Metals on Titania/HOPG as Models for Heterogeneous Catalysts
Abstract
The work done in this thesis is mainly focused on understanding the nanoscale morphology and activity of model heterogeneous catalysts. In order to do this we design and prepare model catalytic surfaces in ultrahigh vacuum (UHV) and study these surfaces using electron and ion based microscopies and spectroscopies. The nucleation, growth and chemical activity of mono and bimetallic clusters on TiO2(110) were investigated in order to understand how activity is influenced by cluster sizes, interactions with the oxide support and surface compositions of the bimetallic clusters.
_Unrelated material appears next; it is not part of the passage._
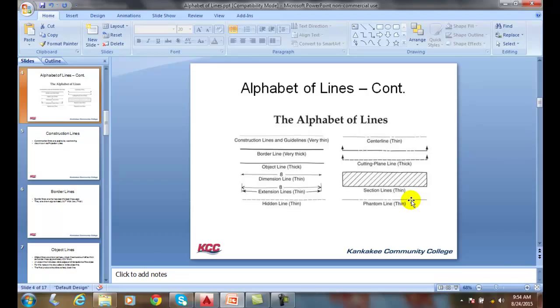We have our object line. Our object line is our visible lines, or the edges of our contour, or the edges of our objects. If we look at a table, the edge of the table is an object line, and that's a thick line.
For example, Au-based and Pt-based bimetallic clusters such as Co-Au, Co-Pt, and Pt-Re were grown on titania and their activity for CO adsorption as well as methanol reaction were investigated. The nucleation and growth of these metals were found to be dependent upon the mobility of each metal on the titania surface. Furthermore, bimetallic clusters can be grown on the surface by taking advantage of the relative surface mobilities; when clusters of the less mobile metal are deposited first, the subsequent deposition of the second, more mobile metal results in nucleation exclusively at the existing seed clusters. Furthermore, bimetallic Pt-Ru clusters on highly oriented pyrolytic graphite (HOPG) have been studied as model systems for understanding direct methanol fuel cell catalysts. For Pt-Ru clusters deposited on powdered carbon supports, the novel electroless deposition (ED) method produces exclusively bimetallic clusters in contrast to the existing wet impregnation methods. The ED grown clusters were compared with clusters grown via vapor deposition by sequential depositionof Pt on Ru seed clusters. For both ED and vapor deposition, exclusively bimetallic clusters were produced since the deposition of Pt did not result in the formation of new clusters. In addition to bimetallic clusters, we have also successfully synthesized MoS2 clusters on titania to understand the structural changes that occurs in the presence of different reactant molecules since the activity of MoS2 towards hydrodesulphurization type reactions is very sensitive to the structure of the clusters. What we have discovered was that these structures are very stable towards adsorption of MeOH, CO, H2O and H2 in UHV.